I've cut down our code to the pieces in question in the attached file. It doesn't give a runnable test case unfortunately but does at least show what we're doing. Basically, we have a set of items to parse, we create a set of multiprocessing.Process() processes to handle the parsing in parallel. Jobs are queued in one queue and results are fed back to the parent via another. There is a quit queue that takes sentinels to cause the subprocesses to quit.
If something fails to parse, shutdown with clean=False is called, the sentinels are sent. the Parser() process calls results.cancel_join_thread() on the results queue. We do this since we don't care about the results any more, we just want to ensure everyting exits cleanly. This is where things go wrong. The Parser processes and their queues all turn into zombies. The parent process ends up stuck in self.result_queue.get(timeout=0.25) inside shutdown().
strace shows its acquired the locks and is doing a read() on the os.pipe() it created. Unfortunately since the parent still has a write channel open to the same pipe, it hangs indefinitely.
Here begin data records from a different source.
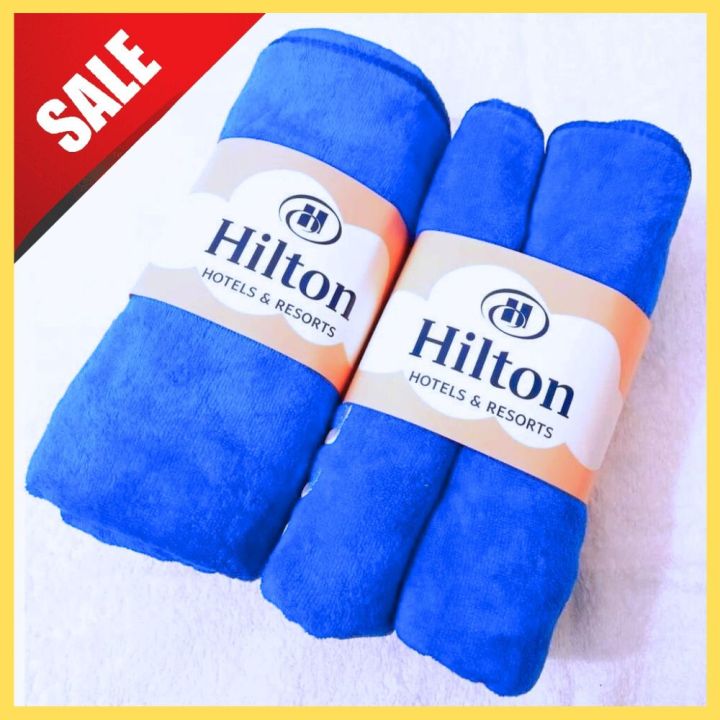 Tuala Hilton Serap Air Towel Travel plain berwarna Tuala HOTEL Hantaran Gubahan Tuala Hilton Plain Colour serapan air terbaik Microfiber Saiz L dan XL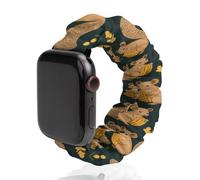 Squirrels Eat Corn Cute Watch Band Scrunchies Compatible with IWatch 38mm 40mm 42mm 44mm Elastic Strap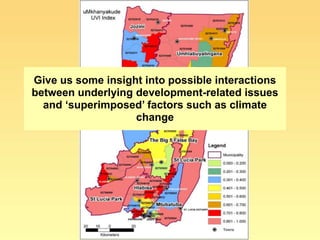 Food insecurity in southern Africa: integrating some of the evidence 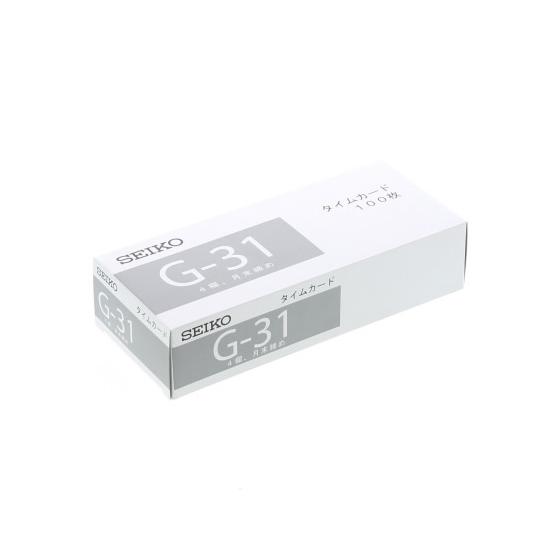 SEIKO（セイコー） QR用タイムカード 100枚 G-31カード CA-G31 タイム 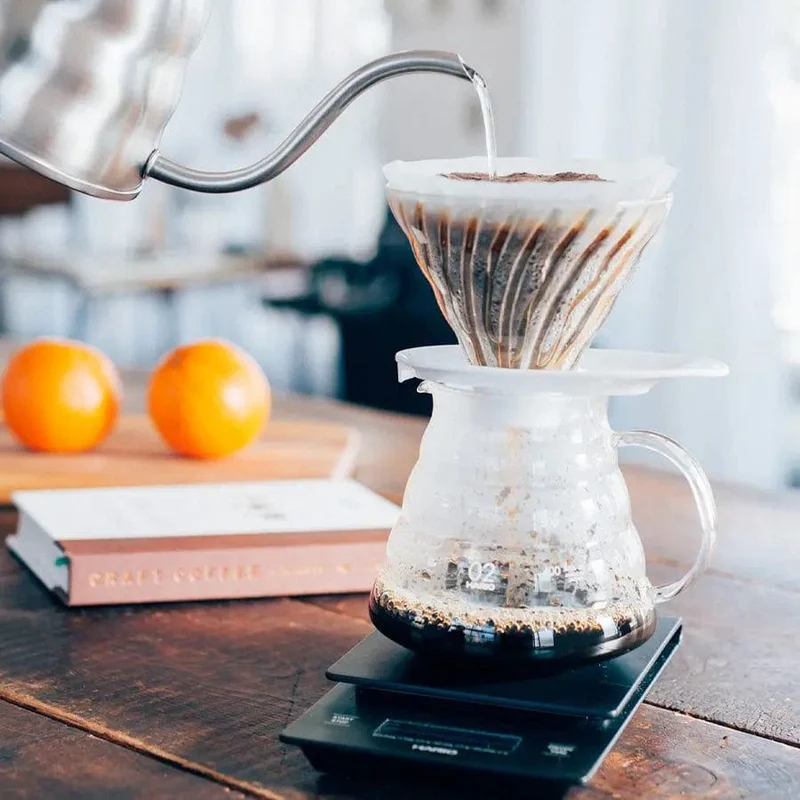 Hario V60 Glass Dripper Glas Handfilter Größe 02 - NEUE Version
If I change the code to do:
self.result_queue._writer.close()
while True:
try:
self.result_queue.get(timeout=0.25)
except (queue.Empty, EOFError):
break
i.e. close the writer side of the pipe by poking at the queue internals, we don't see the hang. The .close() method would close both sides.
We create our own process pool since this code dates from python 2.x days and multiprocessing pools had issues back when we started using this. I'm sure it would be much better now but we're reluctant to change what has basically been working. We drain the queues since in some cases we have clean shutdowns where cancel_join_thread() hasn't been used and we don't want those cases to block.
My question is whether this is a known issue and whether there is some kind of API to close just the write side of the Queue to avoid problems like this?
|